Prep 5 mins
Cook 10 mins
This recipe is from Bisquick, but I get the clone product from Save-A-Lot (I'm sure that there are others too) which is much cheaper and works just as well. I love pancakes for brunch, sometimes with a little scrambled eggs, or even for supper. These ones are quick and easy and they haven't failed me yet. The key seems to be having your griddle or skillet nice and hot and using just the slightest bit of cooking oil to keep the pancakes from sticking. I also use a non-stick skillet. Sometimes, I top my pancakes with good, locally-produced sorghum molasses (never that nasty dark stuff!) instead of pancake syrup. It makes for a nice change from the routine. Butter too!!!

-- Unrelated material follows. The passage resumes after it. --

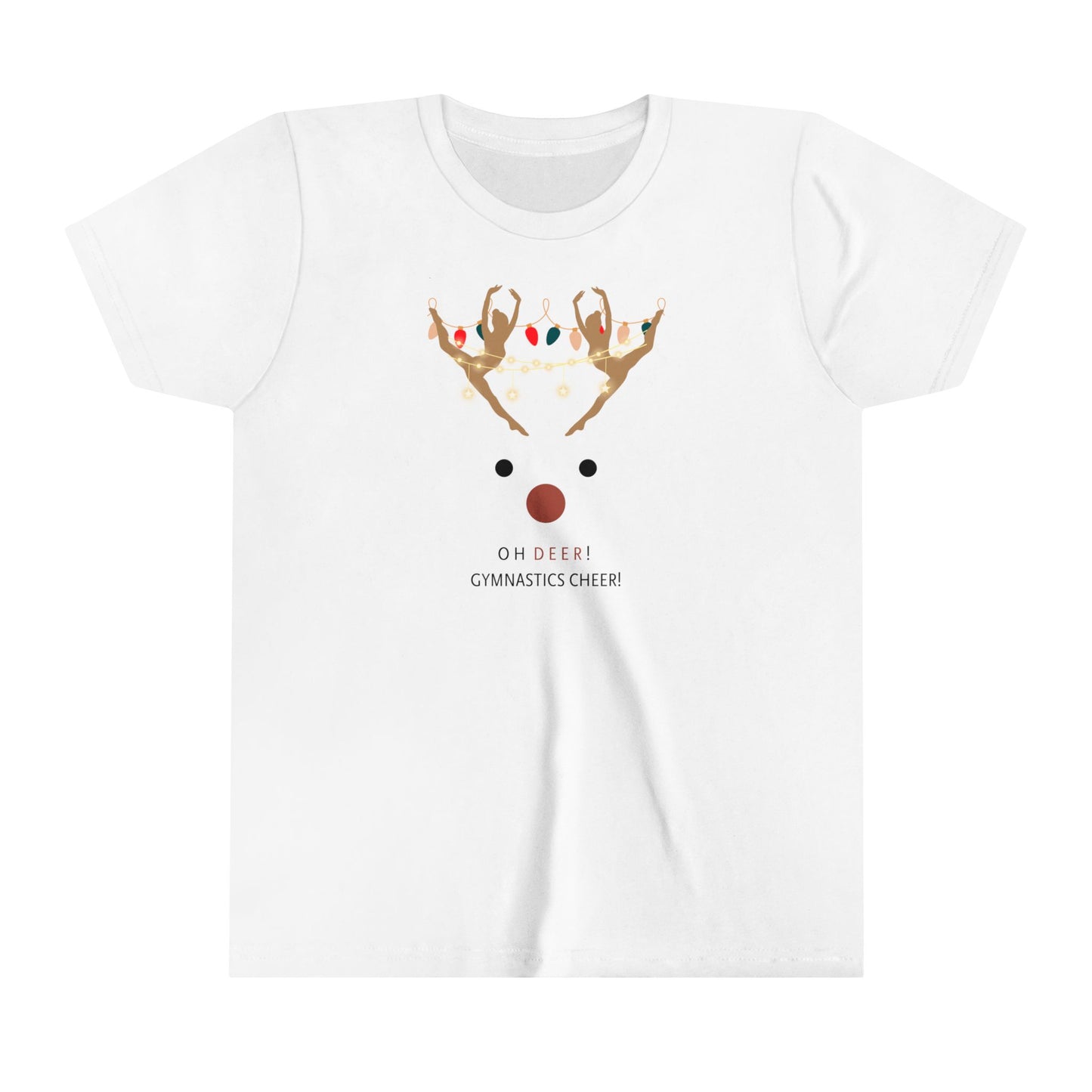 Reindeer Gymnast Youth T-Shirt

- 2 cups Bisquick baking mix (or other)
- 1 cup whole milk
- 1 tablespoon sugar (or less)
- 2 tablespoons lemon juice
- 2 teaspoons baking powder
- 2 large eggs, beaten
- 1 teaspoon canola oil
- In a large mixing bowl, blend all ingredients except for the canola oil.
- Heat your skillet or griddle and when it gets hot, add the canola oil and spread it on the surface with a spatula until the entire pan surface has been "lubricated".
- Pour on the pancake mix, the size that you wish. When one side gets golden brown, give them a flip until the second side is the same.
- Serve with butter and syrup.
- NOTE: You can add a cup thawed frozen blueberries to the mix for a special treat!